A political prediction market trader holds forth on recession, the 2024 presidential race, politically charged indictments and the chance of a nuclear armageddon

 he ink is still wet on the midterm ballots, which can only mean one thing: The 2024 presidential campaign is now in full swing. So let’s start there with our assessments of upcoming prediction markets.

2024 Presidential match-up: Gov. Gretchen Whitmer (D-MI) vs. Gov. Ron DeSantis (R-FL) 

With two pseudo-incumbents in the mix—President Joe Biden, the actual incumbent president, and former President Donald Trump, the one-termer who insists he remains the rightful officeholder—it may seem odd to foresee neither at the top of this ticket but it’s unlikely either winds up running, much less winning the nomination.

While they have large, durable bases of support and are the only two eligible humans with presidential experience—save Jimmy Carter, who will turn 100 a few days before the election—I’m hard pressed to believe either actually wants to return to the job.

While slightly younger than the peanut farmer, they’re obviously of a certain age now. They’ve both endured unpleasant terms in office and their respective party establishments clearly (if quietly) join them in pining for their overdue retirements.

Neither has any incentive to hint at wanting nothing more to do with the White House just yet, but the time to drop the ruse will be upon us before long.

As for their replacements, DeSantis seems nearly unstoppable on the Republican side without Trump in the mix, judging by unfathomably outsized fundraising, polling (where no one else registers double-digit support) and prediction market pricing.

The Democrats will put on more of a show, but their bench is similarly thin. Warmed-over 2020 quarterfinalists from the U.S. Senate ranks (Massachusetts Sen. Elizabeth Warren, Minnesota Sen. Amy Klobuchar, Vermont Sen. Bernie Sanders) have been weighed and measured enough at the national level by now.

U.S. Secretary of Transportation Pete Buttigieg and California Gov. Gavin Newsom should have a decent showing. But as a female governor from a purple, non-coastal state Democrats need to hold, Michigan Gov. Gretchen Whitmer, seems like the right formula.

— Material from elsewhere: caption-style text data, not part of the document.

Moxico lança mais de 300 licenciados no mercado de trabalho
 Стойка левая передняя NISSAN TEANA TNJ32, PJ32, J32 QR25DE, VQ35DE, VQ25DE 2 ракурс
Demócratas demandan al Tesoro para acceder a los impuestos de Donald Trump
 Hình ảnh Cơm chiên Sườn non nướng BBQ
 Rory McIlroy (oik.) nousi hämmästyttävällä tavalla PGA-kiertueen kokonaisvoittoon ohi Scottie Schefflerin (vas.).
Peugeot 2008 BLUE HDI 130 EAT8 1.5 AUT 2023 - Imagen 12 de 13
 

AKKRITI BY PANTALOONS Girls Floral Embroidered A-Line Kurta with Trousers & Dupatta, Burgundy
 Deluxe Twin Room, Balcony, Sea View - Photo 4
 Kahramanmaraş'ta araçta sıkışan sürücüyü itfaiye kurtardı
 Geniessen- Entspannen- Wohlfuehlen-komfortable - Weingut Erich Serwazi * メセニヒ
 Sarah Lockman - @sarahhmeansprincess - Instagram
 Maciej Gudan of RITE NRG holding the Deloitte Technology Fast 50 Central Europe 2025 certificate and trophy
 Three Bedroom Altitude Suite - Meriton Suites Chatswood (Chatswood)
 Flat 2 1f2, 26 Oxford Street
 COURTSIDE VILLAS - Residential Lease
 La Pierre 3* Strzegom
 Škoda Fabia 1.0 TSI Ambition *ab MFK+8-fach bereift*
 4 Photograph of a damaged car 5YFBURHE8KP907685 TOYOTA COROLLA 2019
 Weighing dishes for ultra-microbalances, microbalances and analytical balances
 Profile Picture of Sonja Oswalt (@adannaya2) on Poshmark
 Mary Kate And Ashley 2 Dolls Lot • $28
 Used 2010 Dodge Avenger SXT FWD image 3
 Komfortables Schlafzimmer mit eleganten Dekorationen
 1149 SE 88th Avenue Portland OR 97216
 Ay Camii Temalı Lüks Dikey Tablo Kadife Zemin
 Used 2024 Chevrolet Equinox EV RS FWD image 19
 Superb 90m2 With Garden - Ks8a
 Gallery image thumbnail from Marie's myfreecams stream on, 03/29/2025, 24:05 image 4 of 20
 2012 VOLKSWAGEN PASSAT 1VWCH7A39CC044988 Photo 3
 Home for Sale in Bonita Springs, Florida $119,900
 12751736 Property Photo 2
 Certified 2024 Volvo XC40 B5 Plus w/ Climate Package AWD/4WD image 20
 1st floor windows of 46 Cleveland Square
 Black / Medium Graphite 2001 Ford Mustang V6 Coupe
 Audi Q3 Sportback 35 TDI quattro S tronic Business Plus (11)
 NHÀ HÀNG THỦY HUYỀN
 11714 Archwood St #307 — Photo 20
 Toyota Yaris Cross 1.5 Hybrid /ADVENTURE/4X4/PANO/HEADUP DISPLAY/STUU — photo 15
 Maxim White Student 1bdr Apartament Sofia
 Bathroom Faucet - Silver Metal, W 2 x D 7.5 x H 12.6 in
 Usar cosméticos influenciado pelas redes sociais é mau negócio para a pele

We won’t officially know the nominees at this time next year, but expect Whitmer and DeSantis to be in pole positions.

Inflation 

After arriving late to the party, the Federal Reserve has consistently promised rates will go as high as needed to combat this non-transitory inflation, and it’s taken a while for markets to take them at their word. (I’m not sure they do even now.)

Wherever they pause, it’ll be at an economically restrictive level, something we haven’t seen in quite some time. With growth already flat-to-negative, this almost surely tips us into a less debatable recession. Most Americans haven’t seen stagflation in their lifetimes, and I don’t expect them to love it.

There’s still a decent chance the recession will be shallow or brief, but it’ll be enough of a bummer that the economy will remain the dominant political issue. Expect 2024 battle lines to be drawn on this front.

Neither side will persist in pretending the economy is better than it is. We’ll spend our deliberative energies arguing over whose fault it is.

Trump indictment

Without rehashing the various state and federal cases underway, there’s just too much well-worn tomfoolery afoot in Trumpworld (both political and corporate) and too much political will for him not to go punished and skate forever.

In the end, the indictment(s) will more likely be for alleged corporate misdeeds rather than political ones.

If Trump is bracing for this and suspecting he has a card to play in pledging not to run again (whether this is, in truth, a persuasive chip or not), that may further delay his bowing out of the 2024 race, depending on prosecutorial timelines.

Hunter Biden indictment

All cable news ad reps can rejoice because there will be endless schadenfreude-laced popcorn for both camps. As Republicans reclaim the gavels in Washington, hearings and investigations will bloom.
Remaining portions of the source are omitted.